Imago Dei in Youth Ministry

Rooted asked contributors: How will a theological concept you’ve learned or come to understand better influence or change the way you do things in the new school year?  This article is one in a series of what they had to say.

“So God created mankind in his own image, in the image of God he created them; male and female he created them.”  Genesis 1:27

Yesterday I looked back over the notebook I kept for six years while working as a youth minister in Charlottesville, Va.  This was the place where I created the youth calendar, wrote retreat talks, organized curricula and crafted bible study after bible study.  As I scanned the pages, I was stunned to see that not only had I taught before on the reality of imago dei (the image of God), but I had also done so with what appeared to be a pretty robust understanding of it.

I say “stunned” because it took going to a fantastic seminary counseling program and having my identity (the way I relate to myself, God and others) turned upside down and inside out for God to really create a deeper understanding of the crucial place this doctrine has in a healthy theology.

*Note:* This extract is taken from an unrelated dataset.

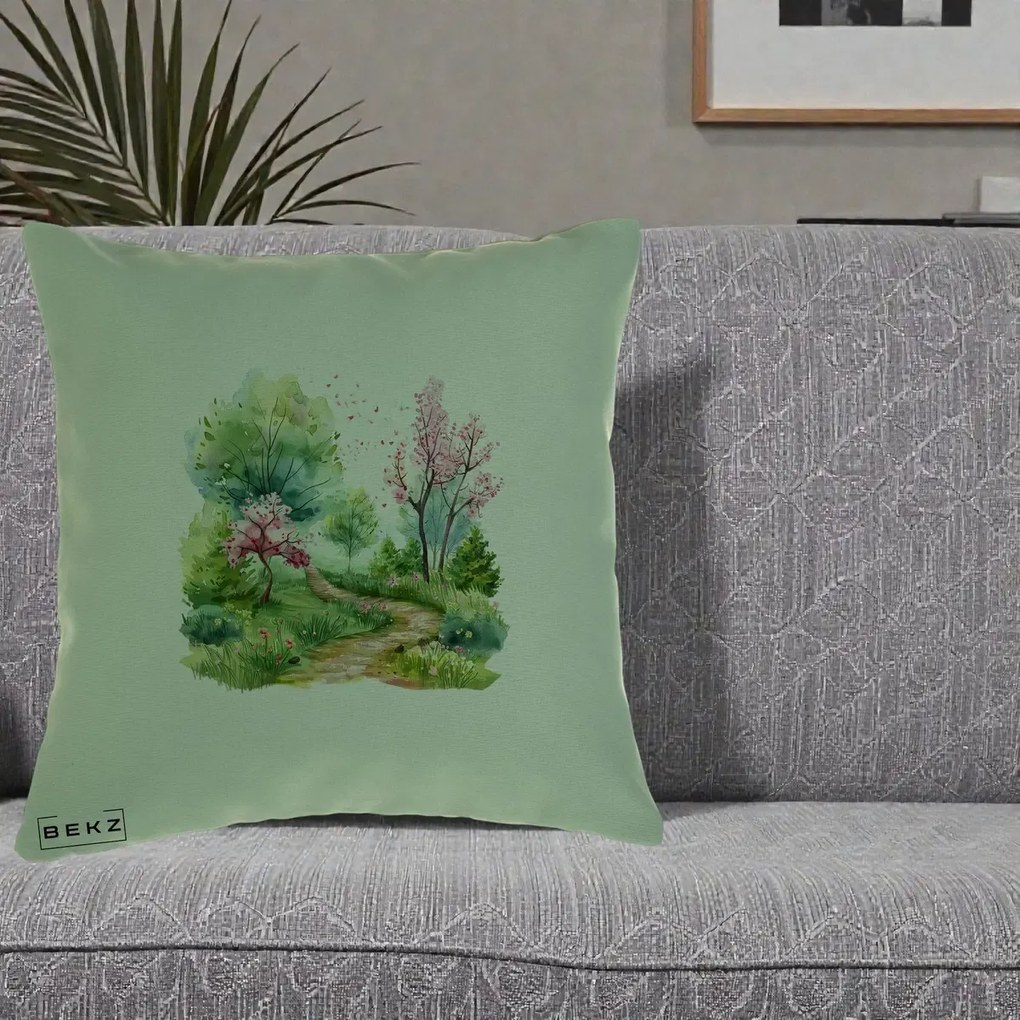 Perna Decorativa Gradina Primavara Acuarela, 40x40 cm, Verde, Husa Detasabila, Perna Inclusa, BEKZ®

I had imago dei down in word and thought, but I did not have it down in heart. I had not penetrated my understanding of relating to myself, others and God. It, unknowingly, merely rested in the theoretical and abstract recesses of my theology to be taught but not deeply known and felt.

I knew myself as a deeply broken sinner who was completely unrighteous, unable to merit my own salvation and possessing of a heart that was “deceitful above all else” (Jeremiah 17:9).  I lived in Romans 3:10-12: “no one is good but God; no one is righteous, not even one.”  And these verses are absolutely true.  But they are not the full picture of God’s design of man.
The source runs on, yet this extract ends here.